[Start of section]

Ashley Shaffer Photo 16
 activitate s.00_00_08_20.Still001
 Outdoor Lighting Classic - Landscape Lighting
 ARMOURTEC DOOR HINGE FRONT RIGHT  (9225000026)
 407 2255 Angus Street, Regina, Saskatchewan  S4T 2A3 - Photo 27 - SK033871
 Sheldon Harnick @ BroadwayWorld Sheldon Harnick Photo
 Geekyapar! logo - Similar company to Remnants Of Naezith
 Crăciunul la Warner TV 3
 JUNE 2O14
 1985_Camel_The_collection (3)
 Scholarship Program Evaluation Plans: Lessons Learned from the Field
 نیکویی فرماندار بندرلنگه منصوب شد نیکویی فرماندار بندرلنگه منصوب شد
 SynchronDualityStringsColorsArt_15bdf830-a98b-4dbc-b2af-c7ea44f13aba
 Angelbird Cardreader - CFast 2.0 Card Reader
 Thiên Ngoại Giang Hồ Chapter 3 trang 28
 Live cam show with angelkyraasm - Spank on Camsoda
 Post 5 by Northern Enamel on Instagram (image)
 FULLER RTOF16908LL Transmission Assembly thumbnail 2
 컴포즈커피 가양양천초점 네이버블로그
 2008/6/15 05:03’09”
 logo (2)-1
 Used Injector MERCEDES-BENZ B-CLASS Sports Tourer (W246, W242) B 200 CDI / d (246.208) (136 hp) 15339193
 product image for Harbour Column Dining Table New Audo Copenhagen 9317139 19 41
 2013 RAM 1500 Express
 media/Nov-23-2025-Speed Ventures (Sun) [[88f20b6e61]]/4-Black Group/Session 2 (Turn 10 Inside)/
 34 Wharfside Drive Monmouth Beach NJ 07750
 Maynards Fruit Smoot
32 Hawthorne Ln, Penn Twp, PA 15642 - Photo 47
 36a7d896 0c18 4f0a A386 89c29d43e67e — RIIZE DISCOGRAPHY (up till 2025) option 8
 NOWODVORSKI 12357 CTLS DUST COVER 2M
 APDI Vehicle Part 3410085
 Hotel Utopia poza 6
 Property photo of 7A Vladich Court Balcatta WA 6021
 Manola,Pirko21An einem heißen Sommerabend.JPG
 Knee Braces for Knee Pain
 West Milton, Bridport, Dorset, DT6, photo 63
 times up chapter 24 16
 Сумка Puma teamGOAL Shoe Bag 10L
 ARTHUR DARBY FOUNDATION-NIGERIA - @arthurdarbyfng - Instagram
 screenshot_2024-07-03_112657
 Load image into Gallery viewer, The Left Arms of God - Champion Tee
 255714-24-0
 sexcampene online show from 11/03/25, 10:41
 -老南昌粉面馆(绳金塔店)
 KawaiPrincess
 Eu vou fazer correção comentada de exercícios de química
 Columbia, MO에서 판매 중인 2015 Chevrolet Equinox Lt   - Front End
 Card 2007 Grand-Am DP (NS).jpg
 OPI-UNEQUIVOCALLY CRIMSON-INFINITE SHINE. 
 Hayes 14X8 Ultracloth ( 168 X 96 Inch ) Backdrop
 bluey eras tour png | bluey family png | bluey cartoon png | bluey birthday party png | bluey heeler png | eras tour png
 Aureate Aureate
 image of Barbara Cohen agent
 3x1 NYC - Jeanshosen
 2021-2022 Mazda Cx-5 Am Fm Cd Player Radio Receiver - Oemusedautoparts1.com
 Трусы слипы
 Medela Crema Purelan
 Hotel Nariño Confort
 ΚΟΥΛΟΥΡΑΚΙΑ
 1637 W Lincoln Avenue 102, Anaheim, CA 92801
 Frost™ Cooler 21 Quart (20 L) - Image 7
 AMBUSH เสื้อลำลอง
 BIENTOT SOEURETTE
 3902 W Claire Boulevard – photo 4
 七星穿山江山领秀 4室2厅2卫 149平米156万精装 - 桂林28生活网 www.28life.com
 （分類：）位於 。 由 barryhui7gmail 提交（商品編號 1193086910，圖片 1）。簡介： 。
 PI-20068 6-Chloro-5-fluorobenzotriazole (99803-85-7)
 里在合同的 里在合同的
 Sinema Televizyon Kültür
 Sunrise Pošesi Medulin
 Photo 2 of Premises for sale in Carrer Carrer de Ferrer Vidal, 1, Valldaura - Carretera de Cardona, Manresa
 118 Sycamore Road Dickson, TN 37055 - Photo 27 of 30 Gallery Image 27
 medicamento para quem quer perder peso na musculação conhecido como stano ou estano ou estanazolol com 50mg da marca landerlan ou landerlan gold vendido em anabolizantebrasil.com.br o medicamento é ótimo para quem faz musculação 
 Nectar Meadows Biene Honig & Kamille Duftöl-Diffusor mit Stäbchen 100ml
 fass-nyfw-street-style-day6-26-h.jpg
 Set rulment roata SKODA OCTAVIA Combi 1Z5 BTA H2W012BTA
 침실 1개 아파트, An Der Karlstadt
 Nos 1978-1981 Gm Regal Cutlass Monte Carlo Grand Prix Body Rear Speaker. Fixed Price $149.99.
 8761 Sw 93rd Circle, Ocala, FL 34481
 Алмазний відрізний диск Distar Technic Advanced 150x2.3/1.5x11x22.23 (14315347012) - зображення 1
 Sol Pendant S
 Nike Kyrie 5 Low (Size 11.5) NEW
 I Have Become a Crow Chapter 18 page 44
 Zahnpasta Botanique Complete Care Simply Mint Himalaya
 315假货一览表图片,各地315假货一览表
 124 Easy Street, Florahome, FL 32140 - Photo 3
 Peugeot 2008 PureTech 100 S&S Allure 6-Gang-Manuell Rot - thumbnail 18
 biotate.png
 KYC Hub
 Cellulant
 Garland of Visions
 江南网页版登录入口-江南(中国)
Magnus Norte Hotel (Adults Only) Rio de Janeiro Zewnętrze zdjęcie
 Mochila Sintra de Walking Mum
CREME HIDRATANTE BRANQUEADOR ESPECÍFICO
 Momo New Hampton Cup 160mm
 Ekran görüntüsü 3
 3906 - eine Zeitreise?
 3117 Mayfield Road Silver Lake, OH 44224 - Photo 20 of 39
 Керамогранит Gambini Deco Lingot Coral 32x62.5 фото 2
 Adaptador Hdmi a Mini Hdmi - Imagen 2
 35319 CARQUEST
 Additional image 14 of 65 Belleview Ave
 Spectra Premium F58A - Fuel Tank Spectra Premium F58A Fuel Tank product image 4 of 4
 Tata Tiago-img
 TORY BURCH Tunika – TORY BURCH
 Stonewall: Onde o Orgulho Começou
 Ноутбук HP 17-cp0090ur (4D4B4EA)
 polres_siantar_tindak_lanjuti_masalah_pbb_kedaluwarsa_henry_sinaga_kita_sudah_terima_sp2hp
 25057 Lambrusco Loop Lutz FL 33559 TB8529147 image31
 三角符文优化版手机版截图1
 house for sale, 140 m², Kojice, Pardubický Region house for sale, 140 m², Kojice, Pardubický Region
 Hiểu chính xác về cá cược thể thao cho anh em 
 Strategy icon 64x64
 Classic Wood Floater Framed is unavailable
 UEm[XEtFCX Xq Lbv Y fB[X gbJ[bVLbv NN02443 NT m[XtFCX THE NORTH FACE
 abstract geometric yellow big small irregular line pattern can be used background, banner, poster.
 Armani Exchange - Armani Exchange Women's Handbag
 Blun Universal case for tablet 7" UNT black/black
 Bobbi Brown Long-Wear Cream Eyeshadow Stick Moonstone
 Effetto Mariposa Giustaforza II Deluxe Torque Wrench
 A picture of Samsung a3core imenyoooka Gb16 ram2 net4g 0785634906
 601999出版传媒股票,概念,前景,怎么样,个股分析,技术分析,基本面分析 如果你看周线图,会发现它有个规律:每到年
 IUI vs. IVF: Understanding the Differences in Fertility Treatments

[End of section]

▶ _To do_
Print the records above exactly. Omit nothing.

▶ _Written solution_
Ashley Shaffer Photo 16
 activitate s.00_00_08_20.Still001
 Outdoor Lighting Classic - Landscape Lighting
 ARMOURTEC DOOR HINGE FRONT RIGHT  (9225000026)
 407 2255 Angus Street, Regina, Saskatchewan  S4T 2A3 - Photo 27 - SK033871
 Sheldon Harnick @ BroadwayWorld Sheldon Harnick Photo
 Geekyapar! logo - Similar company to Remnants Of Naezith
 Crăciunul la Warner TV 3
 JUNE 2O14
 1985_Camel_The_collection (3)
 Scholarship Program Evaluation Plans: Lessons Learned from the Field
 نیکویی فرماندار بندرلنگه منصوب شد نیکویی فرماندار بندرلنگه منصوب شد
 SynchronDualityStringsColorsArt_15bdf830-a98b-4dbc-b2af-c7ea44f13aba
 Angelbird Cardreader - CFast 2.0 Card Reader
 Thiên Ngoại Giang Hồ Chapter 3 trang 28
 Live cam show with angelkyraasm - Spank on Camsoda
 Post 5 by Northern Enamel on Instagram (image)
 FULLER RTOF16908LL Transmission Assembly thumbnail 2
 컴포즈커피 가양양천초점 네이버블로그
 2008/6/15 05:03’09”
 logo (2)-1
 Used Injector MERCEDES-BENZ B-CLASS Sports Tourer (W246, W242) B 200 CDI / d (246.208) (136 hp) 15339193
 product image for Harbour Column Dining Table New Audo Copenhagen 9317139 19 41
 2013 RAM 1500 Express
 media/Nov-23-2025-Speed Ventures (Sun) [[88f20b6e61]]/4-Black Group/Session 2 (Turn 10 Inside)/
 34 Wharfside Drive Monmouth Beach NJ 07750
 Maynards Fruit Smoot
32 Hawthorne Ln, Penn Twp, PA 15642 - Photo 47
 36a7d896 0c18 4f0a A386 89c29d43e67e — RIIZE DISCOGRAPHY (up till 2025) option 8
 NOWODVORSKI 12357 CTLS DUST COVER 2M
 APDI Vehicle Part 3410085
 Hotel Utopia poza 6
 Property photo of 7A Vladich Court Balcatta WA 6021
 Manola,Pirko21An einem heißen Sommerabend.JPG
 Knee Braces for Knee Pain
 West Milton, Bridport, Dorset, DT6, photo 63
 times up chapter 24 16
 Сумка Puma teamGOAL Shoe Bag 10L
 ARTHUR DARBY FOUNDATION-NIGERIA - @arthurdarbyfng - Instagram
 screenshot_2024-07-03_112657
 Load image into Gallery viewer, The Left Arms of God - Champion Tee
 255714-24-0
 sexcampene online show from 11/03/25, 10:41
 -老南昌粉面馆(绳金塔店)
 KawaiPrincess
 Eu vou fazer correção comentada de exercícios de química
 Columbia, MO에서 판매 중인 2015 Chevrolet Equinox Lt   - Front End
 Card 2007 Grand-Am DP (NS).jpg
 OPI-UNEQUIVOCALLY CRIMSON-INFINITE SHINE. 
 Hayes 14X8 Ultracloth ( 168 X 96 Inch ) Backdrop
 bluey eras tour png | bluey family png | bluey cartoon png | bluey birthday party png | bluey heeler png | eras tour png
 Aureate Aureate
 image of Barbara Cohen agent
 3x1 NYC - Jeanshosen
 2021-2022 Mazda Cx-5 Am Fm Cd Player Radio Receiver - Oemusedautoparts1.com
 Трусы слипы
 Medela Crema Purelan
 Hotel Nariño Confort
 ΚΟΥΛΟΥΡΑΚΙΑ
 1637 W Lincoln Avenue 102, Anaheim, CA 92801
 Frost™ Cooler 21 Quart (20 L) - Image 7
 AMBUSH เสื้อลำลอง
 BIENTOT SOEURETTE
 3902 W Claire Boulevard – photo 4
 七星穿山江山领秀 4室2厅2卫 149平米156万精装 - 桂林28生活网 www.28life.com
 （分類：）位於 。 由 barryhui7gmail 提交（商品編號 1193086910，圖片 1）。簡介： 。
 PI-20068 6-Chloro-5-fluorobenzotriazole (99803-85-7)
 里在合同的 里在合同的
 Sinema Televizyon Kültür
 Sunrise Pošesi Medulin
 Photo 2 of Premises for sale in Carrer Carrer de Ferrer Vidal, 1, Valldaura - Carretera de Cardona, Manresa
 118 Sycamore Road Dickson, TN 37055 - Photo 27 of 30 Gallery Image 27
 medicamento para quem quer perder peso na musculação conhecido como stano ou estano ou estanazolol com 50mg da marca landerlan ou landerlan gold vendido em anabolizantebrasil.com.br o medicamento é ótimo para quem faz musculação 
 Nectar Meadows Biene Honig & Kamille Duftöl-Diffusor mit Stäbchen 100ml
 fass-nyfw-street-style-day6-26-h.jpg
 Set rulment roata SKODA OCTAVIA Combi 1Z5 BTA H2W012BTA
 침실 1개 아파트, An Der Karlstadt
 Nos 1978-1981 Gm Regal Cutlass Monte Carlo Grand Prix Body Rear Speaker. Fixed Price $149.99.
 8761 Sw 93rd Circle, Ocala, FL 34481
 Алмазний відрізний диск Distar Technic Advanced 150x2.3/1.5x11x22.23 (14315347012) - зображення 1
 Sol Pendant S
 Nike Kyrie 5 Low (Size 11.5) NEW
 I Have Become a Crow Chapter 18 page 44
 Zahnpasta Botanique Complete Care Simply Mint Himalaya
 315假货一览表图片,各地315假货一览表
 124 Easy Street, Florahome, FL 32140 - Photo 3
 Peugeot 2008 PureTech 100 S&S Allure 6-Gang-Manuell Rot - thumbnail 18
 biotate.png
 KYC Hub
 Cellulant
 Garland of Visions
 江南网页版登录入口-江南(中国)
Magnus Norte Hotel (Adults Only) Rio de Janeiro Zewnętrze zdjęcie
 Mochila Sintra de Walking Mum
CREME HIDRATANTE BRANQUEADOR ESPECÍFICO
 Momo New Hampton Cup 160mm
 Ekran görüntüsü 3
 3906 - eine Zeitreise?
 3117 Mayfield Road Silver Lake, OH 44224 - Photo 20 of 39
 Керамогранит Gambini Deco Lingot Coral 32x62.5 фото 2
 Adaptador Hdmi a Mini Hdmi - Imagen 2
 35319 CARQUEST
 Additional image 14 of 65 Belleview Ave
 Spectra Premium F58A - Fuel Tank Spectra Premium F58A Fuel Tank product image 4 of 4
 Tata Tiago-img
 TORY BURCH Tunika – TORY BURCH
 Stonewall: Onde o Orgulho Começou
 Ноутбук HP 17-cp0090ur (4D4B4EA)
 polres_siantar_tindak_lanjuti_masalah_pbb_kedaluwarsa_henry_sinaga_kita_sudah_terima_sp2hp
 25057 Lambrusco Loop Lutz FL 33559 TB8529147 image31
 三角符文优化版手机版截图1
 house for sale, 140 m², Kojice, Pardubický Region house for sale, 140 m², Kojice, Pardubický Region
 Hiểu chính xác về cá cược thể thao cho anh em 
 Strategy icon 64x64
 Classic Wood Floater Framed is unavailable
 UEm[XEtFCX Xq Lbv Y fB[X gbJ[bVLbv NN02443 NT m[XtFCX THE NORTH FACE
 abstract geometric yellow big small irregular line pattern can be used background, banner, poster.
 Armani Exchange - Armani Exchange Women's Handbag
 Blun Universal case for tablet 7" UNT black/black
 Bobbi Brown Long-Wear Cream Eyeshadow Stick Moonstone
 Effetto Mariposa Giustaforza II Deluxe Torque Wrench
 A picture of Samsung a3core imenyoooka Gb16 ram2 net4g 0785634906
 601999出版传媒股票,概念,前景,怎么样,个股分析,技术分析,基本面分析 如果你看周线图,会发现它有个规律:每到年
 IUI vs. IVF: Understanding the Differences in Fertility Treatments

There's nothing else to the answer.